La Loire, source d’inspiration des projets urbains

L’histoire a éloigné la Loire du quotidien des Nantais mais Johanna Rolland, présidente de Nantes Métropole, entend redonner à ce fleuve sauvage un rôle majeur. Pour cela, son équipe a mis en place, d’octobre 2014 à mai 2015, un grand débat citoyen, dont les conclusions ont permis à la métropole de retenir une trentaine d’orientations, plus ou moins nouvelles.

Outre l’expression de fortes attentes récréatives des habitants (des études pour une piscine seront lancées), ce débat a permis de redécouvrir que le fleuve pouvait encore être un support d’activités économiques. La métropole va explorer une offre de barging à l’échelle de l’estuaire, étudier son potentiel d’exploitation de l’énergie cinétique des courants fluviaux par des hydroliennes et, surtout, créer, pour 2020, une plate-forme de logistique fluviale dédiée aux flux de matériaux nécessaires aux grands chantiers à venir, dont beaucoup sont situés sur les bords de Loire (nouveau CHU, Rezé-Les Isles, Bas-Chantenay, Petite-Hollande…).

Axe structurant.

Au total, les urbanistes ont répertorié près de 200 hectares à aménager autour du fleuve, qui devient un axe structurant pour la métropole. « Rezé était identifiée comme une ville de banlieue mais, grâce à des projets comme la ZAC Pirmil-Les Isles, nous nous intégrons dans une centralité métropolitaine », explique Gérard Allard, maire de la ville de la rive sud. Nantes Métropole lancera d’ailleurs, dès cette année, une consultation d’urbanisme portant sur « le projet urbain des bords de Loire de centralité métropolitaine ». Objectif : établir, dès 2018, les cahiers des charges des premiers projets à horizon 2020-2025. Dans cette logique, « un concours international sera lancé en 2018 pour le réaménagement des espaces publics de la place de la Petite-Hollande, en intégrant la requalification du quai de la Fosse », a rappelé Johanna Rolland.
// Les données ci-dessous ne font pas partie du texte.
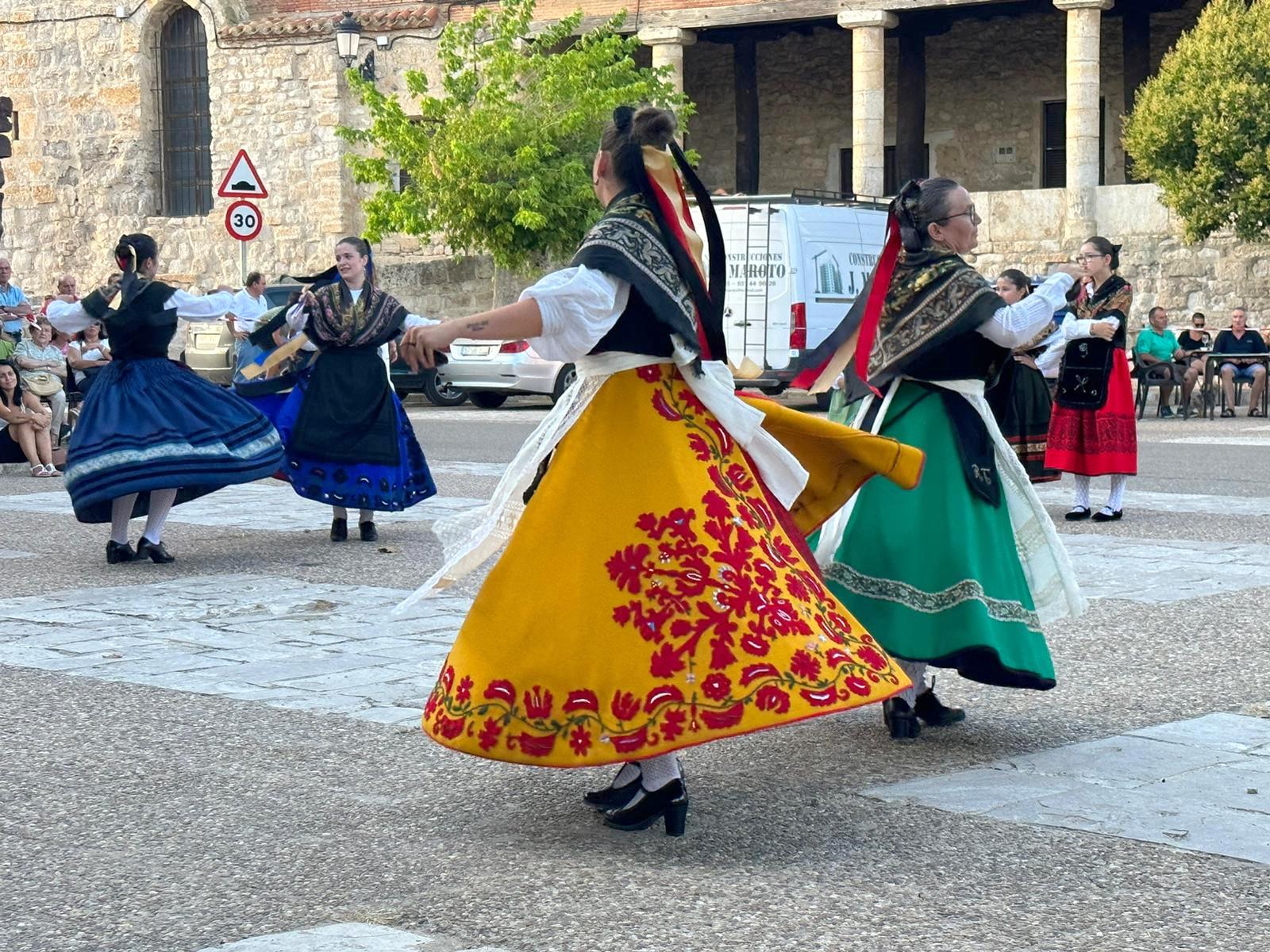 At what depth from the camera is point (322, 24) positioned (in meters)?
34.4

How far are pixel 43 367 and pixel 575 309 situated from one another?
13.8 m

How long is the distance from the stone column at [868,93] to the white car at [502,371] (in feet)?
29.6

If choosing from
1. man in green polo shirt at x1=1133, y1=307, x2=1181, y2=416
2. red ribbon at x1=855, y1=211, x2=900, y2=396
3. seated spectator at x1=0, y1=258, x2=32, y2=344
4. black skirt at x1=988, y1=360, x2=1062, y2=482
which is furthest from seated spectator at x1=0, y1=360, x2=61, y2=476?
man in green polo shirt at x1=1133, y1=307, x2=1181, y2=416

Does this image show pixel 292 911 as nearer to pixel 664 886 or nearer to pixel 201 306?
pixel 664 886

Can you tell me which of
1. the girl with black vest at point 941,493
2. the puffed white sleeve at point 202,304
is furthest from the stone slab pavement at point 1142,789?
the puffed white sleeve at point 202,304

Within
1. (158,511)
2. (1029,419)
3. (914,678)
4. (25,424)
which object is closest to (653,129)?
(914,678)

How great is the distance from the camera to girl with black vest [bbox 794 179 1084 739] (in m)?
5.62

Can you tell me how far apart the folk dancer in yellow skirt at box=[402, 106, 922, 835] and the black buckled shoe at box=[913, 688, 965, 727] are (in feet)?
3.68

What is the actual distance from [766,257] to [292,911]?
19.5 metres

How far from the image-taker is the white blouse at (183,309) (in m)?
10.4

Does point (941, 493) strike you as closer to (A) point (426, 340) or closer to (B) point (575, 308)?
(B) point (575, 308)

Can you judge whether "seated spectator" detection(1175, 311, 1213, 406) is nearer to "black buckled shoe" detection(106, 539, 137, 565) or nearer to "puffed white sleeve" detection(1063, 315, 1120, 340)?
"puffed white sleeve" detection(1063, 315, 1120, 340)

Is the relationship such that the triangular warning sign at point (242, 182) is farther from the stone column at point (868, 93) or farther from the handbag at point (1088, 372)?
the stone column at point (868, 93)

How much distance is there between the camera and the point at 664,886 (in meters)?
4.32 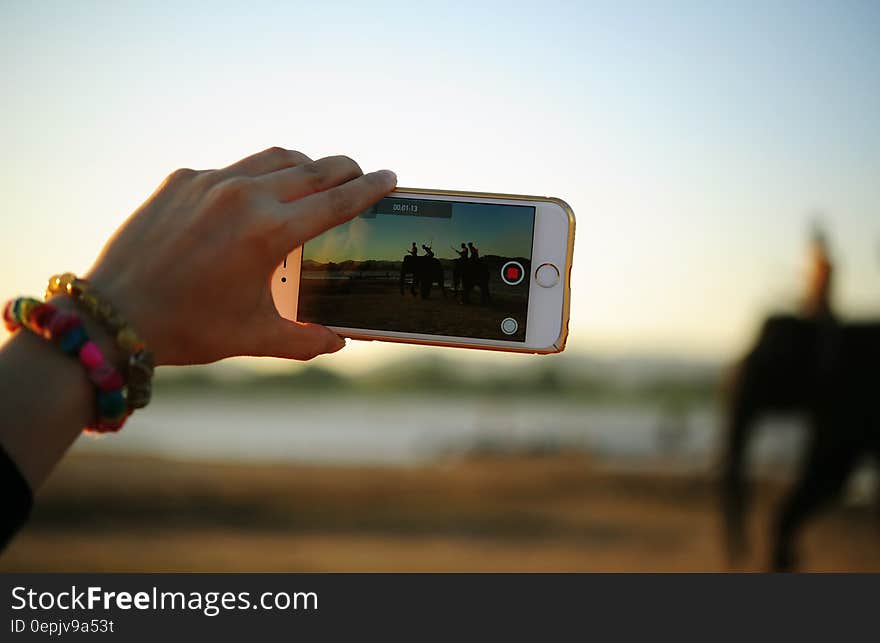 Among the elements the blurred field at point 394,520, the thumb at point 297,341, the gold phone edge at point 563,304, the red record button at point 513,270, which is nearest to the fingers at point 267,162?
the thumb at point 297,341

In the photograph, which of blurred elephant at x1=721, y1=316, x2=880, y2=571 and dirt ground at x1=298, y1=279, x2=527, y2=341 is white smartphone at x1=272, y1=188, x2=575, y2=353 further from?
blurred elephant at x1=721, y1=316, x2=880, y2=571

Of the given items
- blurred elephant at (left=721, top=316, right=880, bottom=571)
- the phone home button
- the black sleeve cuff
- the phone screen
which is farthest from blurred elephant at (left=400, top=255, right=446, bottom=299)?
blurred elephant at (left=721, top=316, right=880, bottom=571)

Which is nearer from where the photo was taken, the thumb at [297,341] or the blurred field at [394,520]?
the thumb at [297,341]

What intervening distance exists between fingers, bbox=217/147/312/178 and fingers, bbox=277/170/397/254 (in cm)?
4

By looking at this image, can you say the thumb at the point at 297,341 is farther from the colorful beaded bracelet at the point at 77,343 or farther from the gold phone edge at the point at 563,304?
the colorful beaded bracelet at the point at 77,343

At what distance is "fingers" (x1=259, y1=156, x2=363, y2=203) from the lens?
64 centimetres

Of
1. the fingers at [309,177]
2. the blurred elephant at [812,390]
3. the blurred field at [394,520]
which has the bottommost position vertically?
the blurred field at [394,520]

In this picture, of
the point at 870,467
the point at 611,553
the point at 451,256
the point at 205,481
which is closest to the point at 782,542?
the point at 870,467

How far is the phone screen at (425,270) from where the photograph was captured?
3.18 feet

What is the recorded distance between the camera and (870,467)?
4082mm

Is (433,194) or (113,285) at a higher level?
(433,194)

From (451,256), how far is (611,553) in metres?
5.13

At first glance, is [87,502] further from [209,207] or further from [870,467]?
[209,207]

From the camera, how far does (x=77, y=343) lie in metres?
0.47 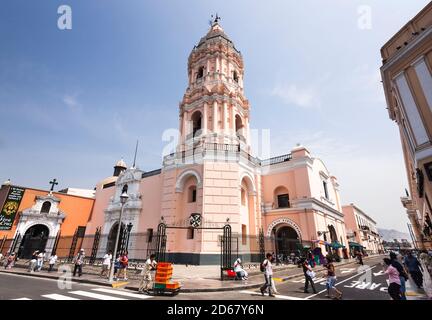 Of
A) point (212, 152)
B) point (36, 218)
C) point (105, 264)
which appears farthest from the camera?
point (36, 218)

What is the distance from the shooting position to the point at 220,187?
57.4 feet

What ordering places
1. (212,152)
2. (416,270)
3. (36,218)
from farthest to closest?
(36,218) < (212,152) < (416,270)

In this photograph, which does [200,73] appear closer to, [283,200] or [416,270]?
[283,200]

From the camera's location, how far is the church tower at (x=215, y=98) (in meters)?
21.1

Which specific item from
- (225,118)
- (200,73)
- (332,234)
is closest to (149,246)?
(225,118)

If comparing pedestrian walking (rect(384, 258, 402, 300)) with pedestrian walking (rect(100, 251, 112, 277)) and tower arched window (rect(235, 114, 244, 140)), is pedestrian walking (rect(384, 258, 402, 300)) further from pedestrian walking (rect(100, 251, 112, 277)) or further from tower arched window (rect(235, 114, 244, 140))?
tower arched window (rect(235, 114, 244, 140))

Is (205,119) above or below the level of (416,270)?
above

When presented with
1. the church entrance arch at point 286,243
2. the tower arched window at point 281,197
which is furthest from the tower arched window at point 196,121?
the church entrance arch at point 286,243

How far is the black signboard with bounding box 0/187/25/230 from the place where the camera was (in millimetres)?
23269

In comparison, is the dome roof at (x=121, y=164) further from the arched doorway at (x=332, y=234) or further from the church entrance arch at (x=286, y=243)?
the arched doorway at (x=332, y=234)

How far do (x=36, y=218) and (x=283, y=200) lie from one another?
2874cm

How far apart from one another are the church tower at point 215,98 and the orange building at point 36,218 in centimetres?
1663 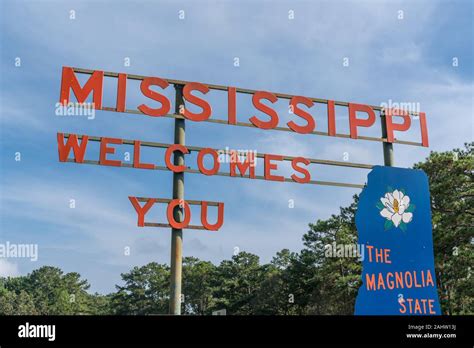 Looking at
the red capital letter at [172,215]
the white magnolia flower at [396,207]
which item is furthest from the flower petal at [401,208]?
the red capital letter at [172,215]

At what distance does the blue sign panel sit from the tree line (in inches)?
104

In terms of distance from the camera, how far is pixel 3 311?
62.3 m

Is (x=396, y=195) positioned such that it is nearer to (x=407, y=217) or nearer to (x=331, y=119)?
(x=407, y=217)

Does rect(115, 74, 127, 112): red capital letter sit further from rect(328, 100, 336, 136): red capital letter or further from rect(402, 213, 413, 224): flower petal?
rect(402, 213, 413, 224): flower petal

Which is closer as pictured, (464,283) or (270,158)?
(270,158)

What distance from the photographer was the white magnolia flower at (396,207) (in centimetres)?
1054

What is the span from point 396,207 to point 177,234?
15.3ft

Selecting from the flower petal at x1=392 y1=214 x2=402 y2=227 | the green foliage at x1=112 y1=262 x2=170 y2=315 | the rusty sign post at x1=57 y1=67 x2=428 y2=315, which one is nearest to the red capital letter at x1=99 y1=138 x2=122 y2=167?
the rusty sign post at x1=57 y1=67 x2=428 y2=315

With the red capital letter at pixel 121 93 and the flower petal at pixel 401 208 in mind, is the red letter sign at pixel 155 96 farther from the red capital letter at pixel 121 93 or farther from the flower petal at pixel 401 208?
the flower petal at pixel 401 208

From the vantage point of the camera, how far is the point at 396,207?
1064 centimetres

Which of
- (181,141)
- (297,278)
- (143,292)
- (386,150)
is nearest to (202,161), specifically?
(181,141) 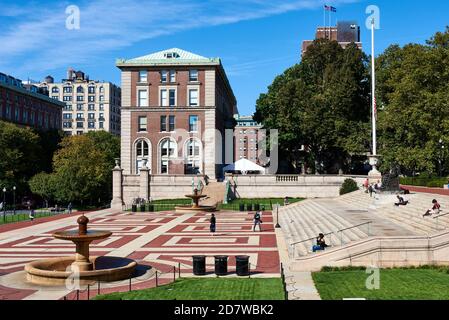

Reste la question centrale des franchissements. Au grand dam de l’architecte nantais Paul Poirier, qui rêvait de reconstruire un pont transbordeur, Nantes Métropole a tranché : c’est non. Pour les autres options, on reste dans le flou. Les études de tunnel ou de téléphérique se poursuivent dans le secteur ouest de Rezé-Chantenay, mais un nouveau pont semble exclu. En revanche, plus en amont, du foncier a été gelé pour ne pas empêcher la réalisation d’un nouvel ouvrage de franchissement entre l’ouest de l’île de Nantes et la gare maritime. Une certitude : le pont Anne-de-Bretagne sera élargi, notamment pour accueillir une nouvelle ligne de transport en commun (busway ou tramway). Les premières études techniques seront engagées cette année, pour une réalisation à l’horizon 2023-2025.
Si, globalement, les orientations retenues sont un brin décevantes, ce débat a au moins eu le mérite de changer le regard des Nantais sur leur fleuve. L’autre grand débat à venir portera sur la transition écologique. « Il devrait déboucher sur la réalisation de 20 à 25 projets partagés », a promis Johanna Rolland.